About the speaker
Alvin Loke is a Senior Principal Engineer at Intel, San Diego, working on analog design/technology co-optimization for Angstrom-era CMOS technologies. He has previously worked on CMOS nodes spanning 250nm to 2nm at Agilent, AMD, Qualcomm, TSMC, and NXP. He received his B.A.Sc. with highest honors from the University of British Columbia, and M.S. and Ph.D. from Stanford. Upon graduating, he spent several years in CMOS process integration. Since 2001, he has worked on analog/mixed-signal design focusing on a variety of wireline links, design/model/technology interface, and analog design methodologies. He has been an active IEEE Solid-State Circuits Society (SSCS) volunteer since 2003, having served as Distinguished Lecturer, AdCom Member, CICC Committee Member, Webinar Chair, Denver and San Diego Chapter Chair, as well as JSSC, SSCL, and Solid-State Circuits Magazine Guest Editor. He currently serves in the VLSI Symposium committee and as SSCS Chapters Chair. Alvin has authored over 70 publications including the CICC 2018 Best Paper and invited short courses at ISSCC, VLSI Symposium, CICC, and BCICTS. He holds 29 US patents.
Abstract
CMOS scaling maintains economic relevance with 3nm FinFET SoCs already in the marketplace for a year now and 2nm gate-all-around SoCs well into risk production.
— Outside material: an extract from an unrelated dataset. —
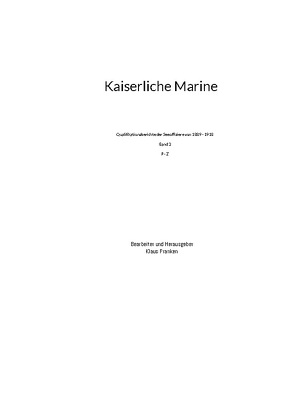 Kaiserliche Marine von Franken,  Klaus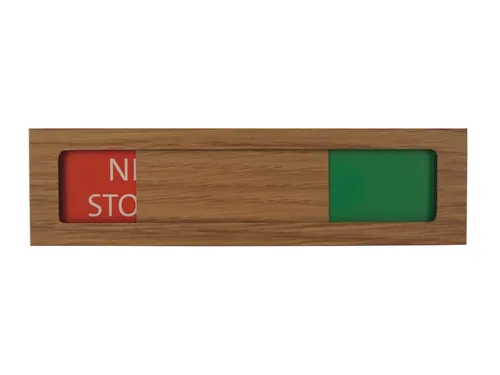 Premium Schuifbord Houtlook Niet Storen Groen Rood 150x40mm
Modest feature size reduction and design/technology innovations co-optimized for primarily logic scaling continue to offer compelling node-to-node power, performance, area, and cost benefits. In this tutorial, we start with a brief history of transistor evolution to motivate the migration from planar to the fully depleted FinFET. We will summarize the key process technology elements that have enabled the FinFET CMOS nodes, highlighting the resulting device technology characteristics and challenges impacting design. To address the growing effort required for analog/mixed-signal design closure, we cover design strategies including density-friendly layout and template-based analog cells and touch on how analog design has adapted and thrived throughout decades of increasingly unfriendly CMOS scaling. We conclude with a discussion of transistor architectures on the horizon.